> [Try it]: The answer should consist of each line below that contains the word "Special".

> [Supplied data]:
------------------------------------------------------------------------

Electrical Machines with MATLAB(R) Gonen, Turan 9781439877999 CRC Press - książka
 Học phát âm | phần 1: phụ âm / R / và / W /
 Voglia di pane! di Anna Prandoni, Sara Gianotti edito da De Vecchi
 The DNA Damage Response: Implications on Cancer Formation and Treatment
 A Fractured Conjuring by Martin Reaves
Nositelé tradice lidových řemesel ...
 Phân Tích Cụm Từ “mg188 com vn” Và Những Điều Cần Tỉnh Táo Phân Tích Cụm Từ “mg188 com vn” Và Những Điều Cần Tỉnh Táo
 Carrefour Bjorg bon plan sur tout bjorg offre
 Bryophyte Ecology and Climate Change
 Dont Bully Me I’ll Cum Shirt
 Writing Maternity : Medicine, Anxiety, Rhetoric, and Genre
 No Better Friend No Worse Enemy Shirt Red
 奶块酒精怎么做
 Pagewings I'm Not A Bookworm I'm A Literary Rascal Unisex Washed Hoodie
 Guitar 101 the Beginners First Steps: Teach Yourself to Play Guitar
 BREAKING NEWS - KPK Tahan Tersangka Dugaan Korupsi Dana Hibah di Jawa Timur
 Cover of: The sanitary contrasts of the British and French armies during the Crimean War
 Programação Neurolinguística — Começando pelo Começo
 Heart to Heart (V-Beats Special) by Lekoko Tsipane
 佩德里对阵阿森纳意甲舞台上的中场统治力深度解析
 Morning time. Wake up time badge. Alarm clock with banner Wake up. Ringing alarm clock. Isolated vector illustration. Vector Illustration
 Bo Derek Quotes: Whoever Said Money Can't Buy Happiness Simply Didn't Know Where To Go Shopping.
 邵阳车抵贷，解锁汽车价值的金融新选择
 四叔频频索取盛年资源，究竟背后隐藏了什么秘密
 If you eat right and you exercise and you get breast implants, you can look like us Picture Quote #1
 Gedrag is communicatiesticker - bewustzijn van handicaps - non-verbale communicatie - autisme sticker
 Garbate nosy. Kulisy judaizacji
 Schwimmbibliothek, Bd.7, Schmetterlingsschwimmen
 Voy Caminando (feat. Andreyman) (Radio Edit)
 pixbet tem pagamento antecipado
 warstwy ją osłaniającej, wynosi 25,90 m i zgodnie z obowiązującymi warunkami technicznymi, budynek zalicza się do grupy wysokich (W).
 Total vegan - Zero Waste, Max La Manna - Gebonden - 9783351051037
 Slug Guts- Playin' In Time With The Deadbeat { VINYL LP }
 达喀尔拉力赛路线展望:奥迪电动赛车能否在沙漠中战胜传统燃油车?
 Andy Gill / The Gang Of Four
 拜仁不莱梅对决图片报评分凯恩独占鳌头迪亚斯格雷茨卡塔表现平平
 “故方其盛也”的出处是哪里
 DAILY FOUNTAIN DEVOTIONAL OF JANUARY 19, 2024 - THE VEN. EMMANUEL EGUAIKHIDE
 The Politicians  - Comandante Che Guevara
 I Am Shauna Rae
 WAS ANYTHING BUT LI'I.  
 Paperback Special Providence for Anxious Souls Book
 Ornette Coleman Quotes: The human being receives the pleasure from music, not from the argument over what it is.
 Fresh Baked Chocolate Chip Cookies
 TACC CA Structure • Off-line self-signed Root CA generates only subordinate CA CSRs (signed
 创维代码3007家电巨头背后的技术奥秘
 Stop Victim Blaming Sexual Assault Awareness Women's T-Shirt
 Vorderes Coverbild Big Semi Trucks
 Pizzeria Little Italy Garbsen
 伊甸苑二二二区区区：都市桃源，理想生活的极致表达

------------------------------------------------------------------------

> [Response to the exercise]:
 Heart to Heart (V-Beats Special) by Lekoko Tsipane
 Paperback Special Providence for Anxious Souls Book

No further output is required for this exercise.